Data for this task Block Start

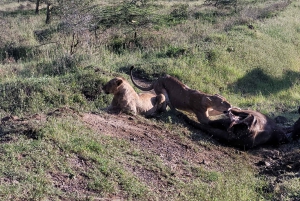 ナクル湖1泊2日サファリ。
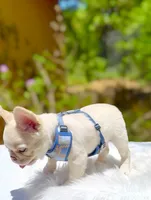 GUSTAV Fluffy Platinum🍒fluffy new shade Isabella tan producer, a male French Bulldog for sale in Tucson, AZ – 3 of 3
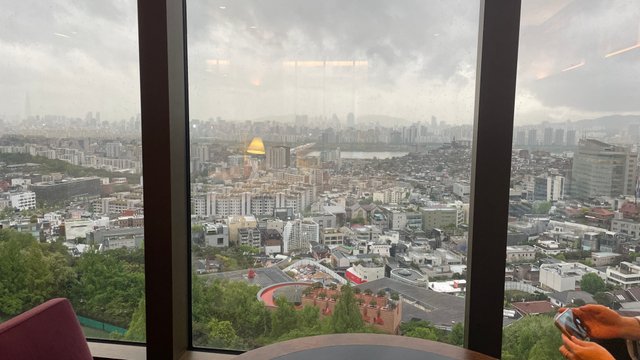 IMG_7013.jpeg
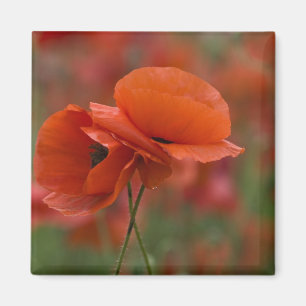 Aimant États-Unis, Caroline du Nord. Deux coquelicots rou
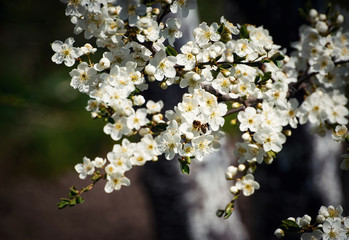 bee on white flowers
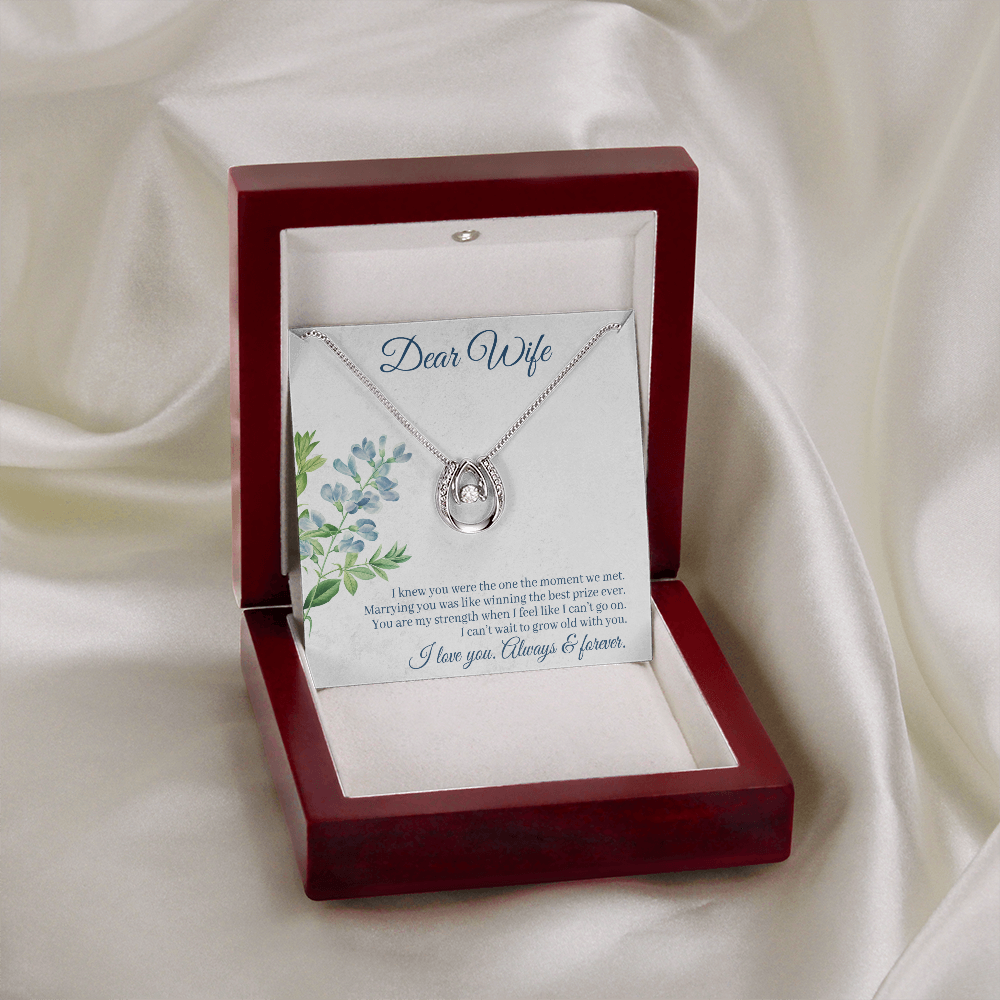 To My Wife One Moment Lucky Horseshoe Necklace Message Card 14k w CZ Crystals-Express Your Love Gifts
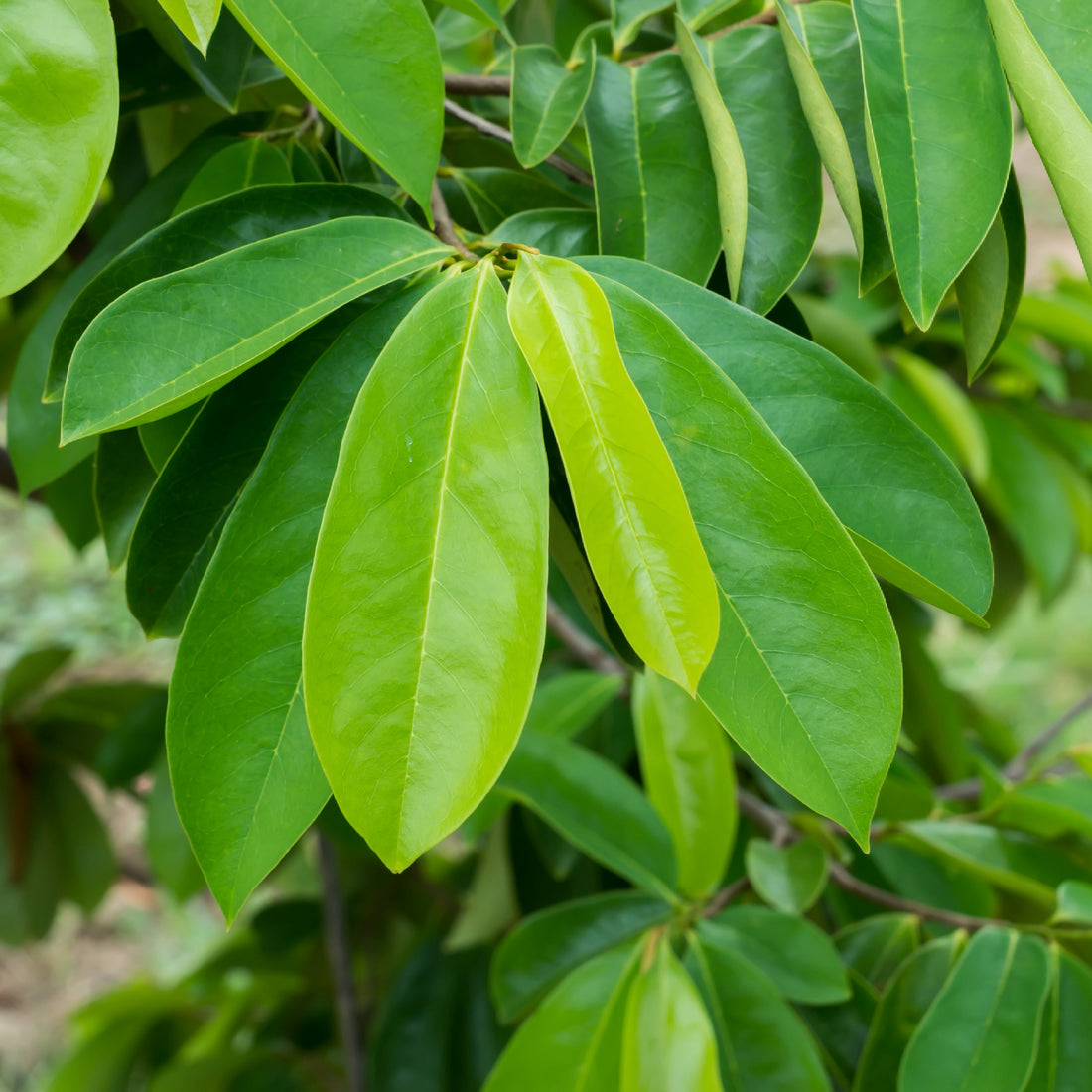 Soursop in everyday life: A natural choice for balance and wellness.
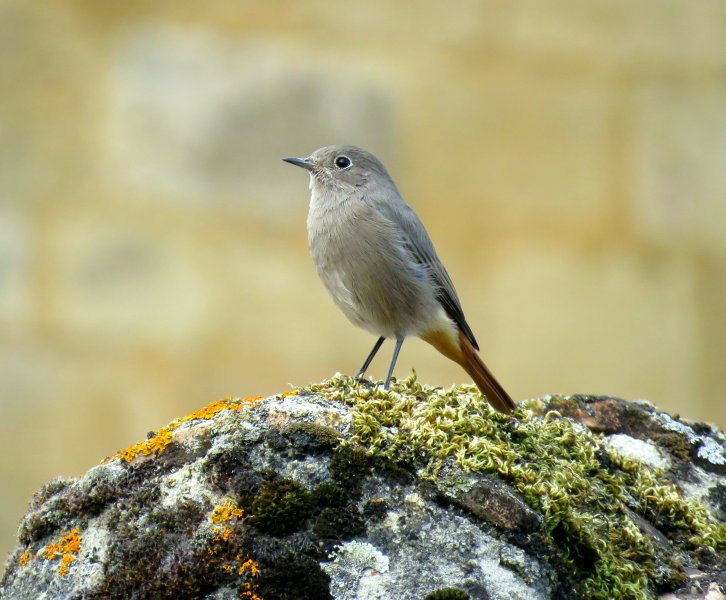 BLACK REDSTART (1).JPG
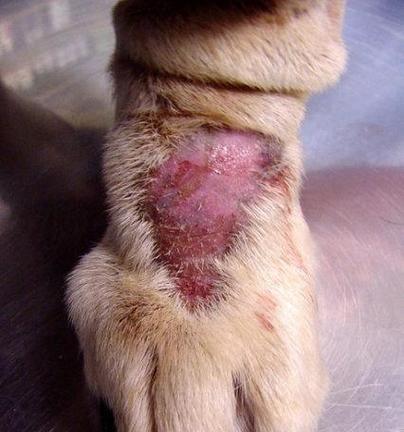 小狗频繁舔爪子的原因及治疗方法（了解小狗常舔爪子的原因，帮助它摆脱困扰）(图3)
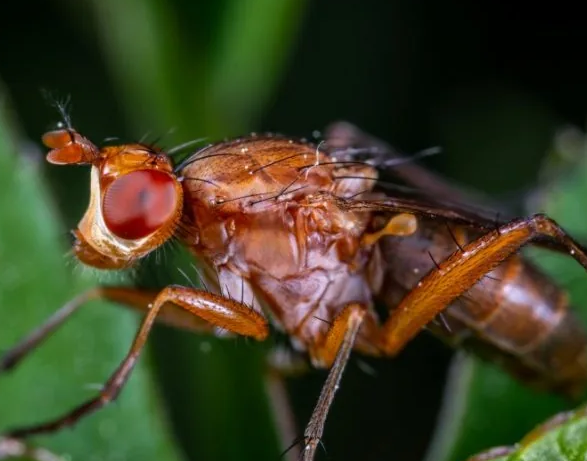 果蝇的养殖技术 果蝇的养殖技术
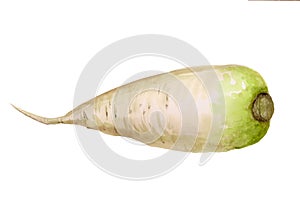 Watercolor daikon radish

Data for this task Block End

- Problem requirements -
Every line from the one with "BLACK REDSTART (1).JPG" through the end of the records is to be reproduced exactly, and the pictures are to be left out.

- Solution to this task -
 BLACK REDSTART (1).JPG
 小狗频繁舔爪子的原因及治疗方法（了解小狗常舔爪子的原因，帮助它摆脱困扰）(图3)
 果蝇的养殖技术 果蝇的养殖技术
 Watercolor daikon radish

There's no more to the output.